The number of foreigners is especially high among younger researchers, including doctoral students. Eindhoven Technical University, for example, estimates that 75 percent of its young academics are foreigners.
Figures published Monday by the Leiden-based study centre Research voor Beleid found that Dutch universities and companies are finding it difficult obtaining a sufficient amount of home-grown talent. The shortfall is being filled by recruiting internationally.
The research centre said 62 percent of foreign knowledge workers in the Netherlands come from other European countries. Asia is in second place with 26 percent and just 8 percent of foreign academics in the Netherlands originate from the US.
Some 90 percent of foreign researchers at Dutch universities are younger than 40 and a large majority intend to leave the Netherlands again within five years, newspaper Trouw reported on Monday.

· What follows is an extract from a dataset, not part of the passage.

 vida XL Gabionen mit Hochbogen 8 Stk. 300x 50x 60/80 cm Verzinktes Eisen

In general, once doctoral students graduate in the Netherlands, they head elsewhere to start work. This means that the knowledge they built up in the Netherlands is by and large lost to the Dutch economy.

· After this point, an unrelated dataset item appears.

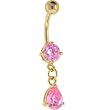 24kt Gold Plated Pink Solitaire Teardrop Dangle Belly Ring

Research voor Beleid said hard questions had to be asked about the retention rate. Dutch university posts are filled by older workers, but these should be replaced by young researchers, the research centre said.
In contrast though, young foreign researchers are not waiting in the Netherlands to be appointed to a permanent opposition and instead move elsewhere.

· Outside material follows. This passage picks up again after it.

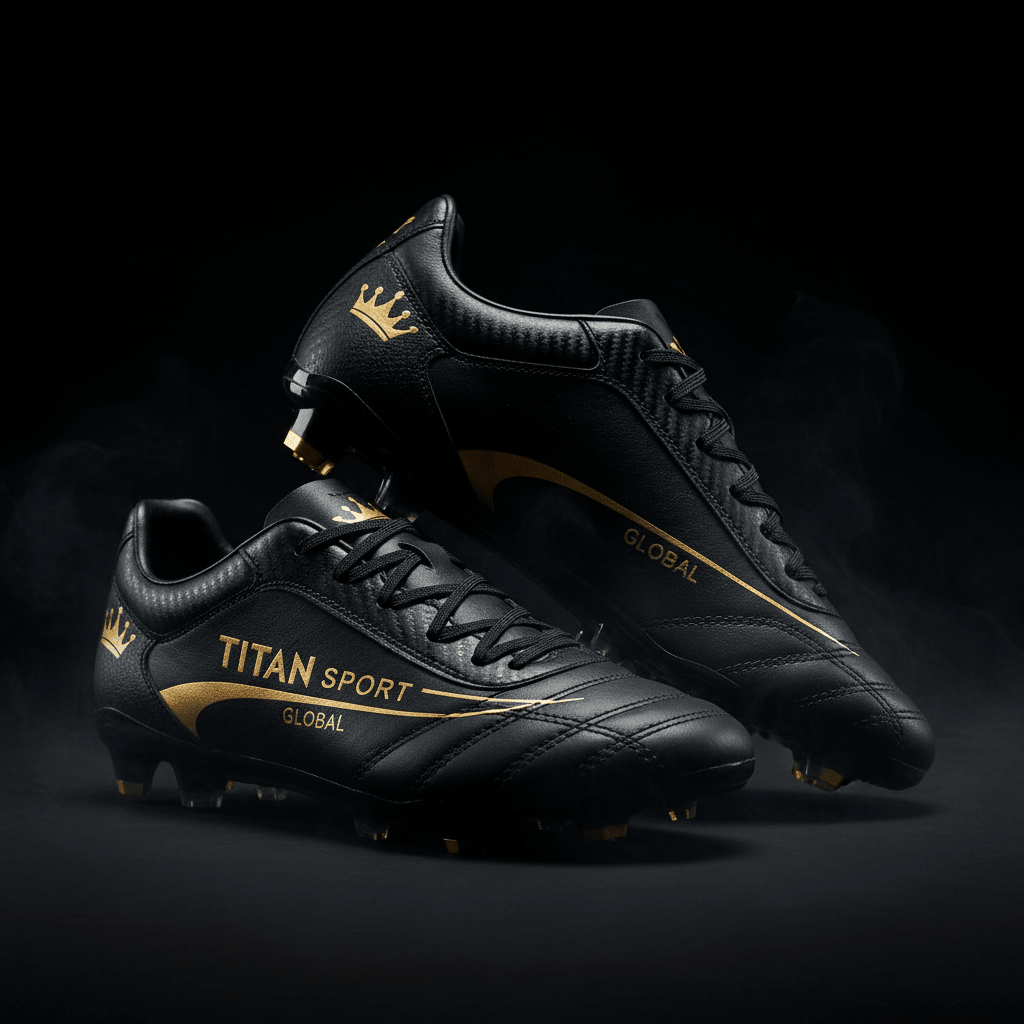 TITAN Soccer Cleats Blackout Gold — matte black with gold crown logo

The technology universities in Delft, Eindhoven and Twente have the highest ratio of foreigners. On average, 32 percent of academic staff are expats. That figure falls to an average of 16 percent at general universities, varying from 14 percent in Groningen to 22 percent in Maastricht.
The Dutch government is keen to attract knowledge workers to the Netherlands, but entry procedures remain complicated and expensive, Trouw reported.
A system involving one point of contact for skilled expat visas — replacing the need for work permits with a five-year residence permit — was launched in October 2004, but universities and companies claim the situation has not improved.
Involved organisations — joined together at the Association of Universities (VSNU) — were launching later on Monday a new information network for foreign researchers.